Today, they are considered authority – with a BUNCH of affiliate links, virus pop ups, and google ads. Yes, fishing popups suggesting to download viruses… Google is not the best source of information for a lot of beginner related topics. The owners at Python for beginners are not actually doing any of their own work too, they are copy and pasting from other websites, and the code is poorly explained, without any logical next steps or helpful links.

The entire websites looks as if someone automated it, poorly.

Because I am an overly emotional blogger who gives a shat about people getting quality content, I’m going to stop at nothing until I beat pythonforbeginners… out of whatever keywords I decide to aim at, and I will not stop at one!

Pythonforbeginners.com is a pile of trash water

pythonforbeginners.com is a pile of trash water. They have click ads that are loaded with viruses, that trick try to trick unsuspecting people into clicking garbage, garbage faking to be Google offering updates… That’s how much of a pile of trash water pythonforbeginners truly is.

I learned list comprehensions from scratch, no mentor, no internet, on a laptop in Louisiana, down by the river!!!

pythonforbeginners is like a disgusting water vaporizer.

If you leave water in a water vaporizer for too long, the water turns into trash water. Similar to pythonforbeginners.com. You let a keyword sit without competition, it turns into trash water.

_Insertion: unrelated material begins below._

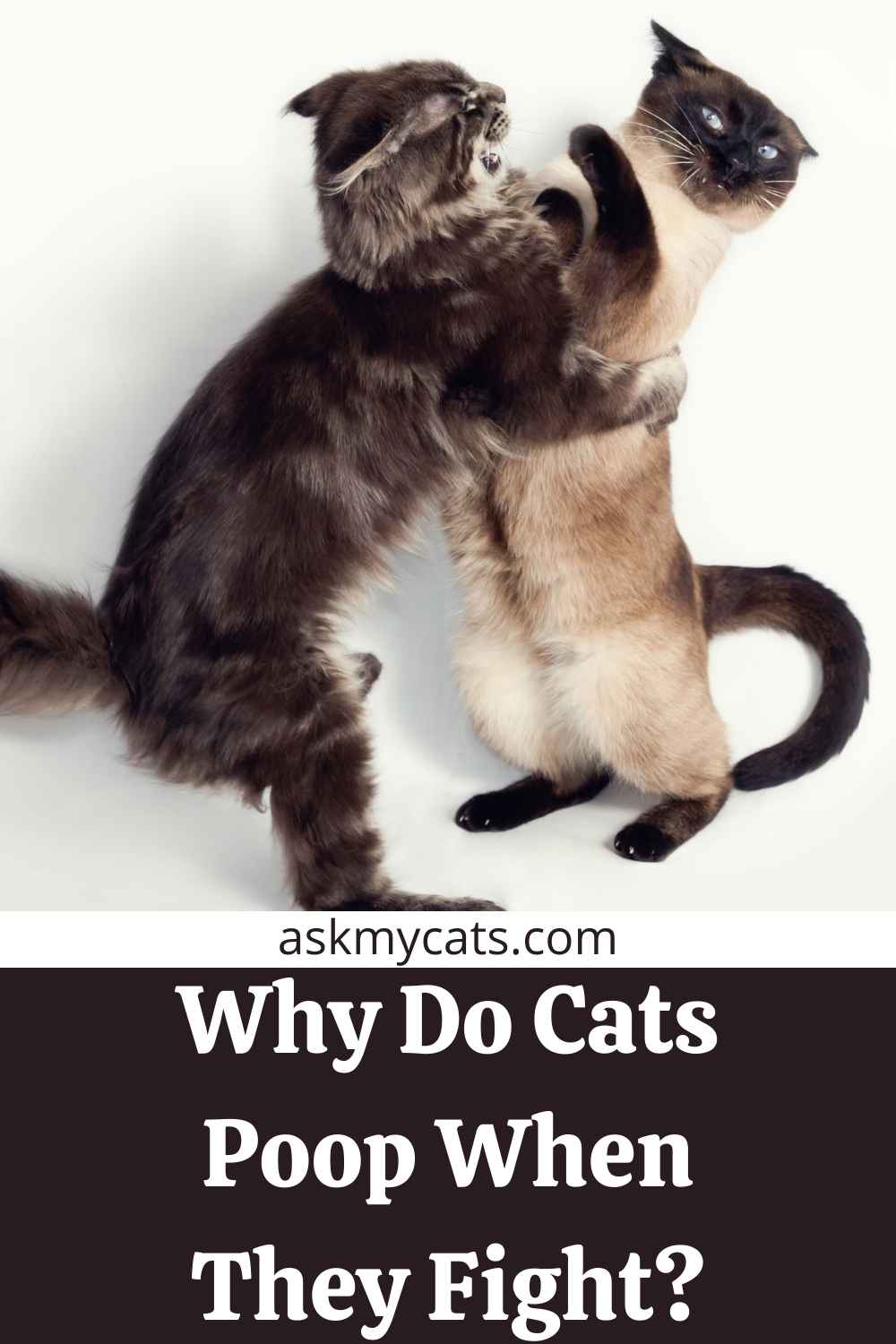 Do Cat Poops On Floor When Angry? How To Handle The Situation?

During my vacation, I ran into a bunch of trash water blogs (with limited connectivity from my dads samsung galaxy phone) and so far, most if not all examples don’t explain variations or granular details, and the past few years I basically blog about every type of technology I learn along the process, so list comprehensions is no different than some rabbit dive I’ve done, professionally, but here – it’s all new and the help docs suck, big time! HOW?

Building better tutorials, with pound for pound better content, on a website built for helping new python developers. With data analysis, competitor analysis, web scraping, and tons of google data, I’m going to find exactly how to beat this trash water website.

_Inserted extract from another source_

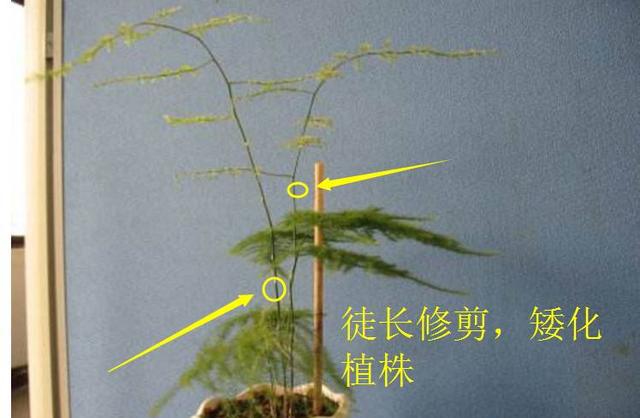 阿布教你养植物不要错过3种让文竹变美的修剪手法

What will Tyler Garrett be generating with this list comprehensions wiki? First of all – the 1st Badass tutorial on List Comprehensions – with overly explained stuff… Explaining how different code examples work, based on different usages of the code, with real world help…

A list comprehensions wiki that dominates pythonforbeginners insides and outsides, your trash water stinks.

Non-trashwater solution to learning, without affiliate links or poorly written blogs.

What’s cool is the competition is low, and the yield for me to learn python, and network with people who think quality content is king, well.. yeah, let’s network fam. I spend most of my time helping others, giving back, and blogging about complex things, in simple manners.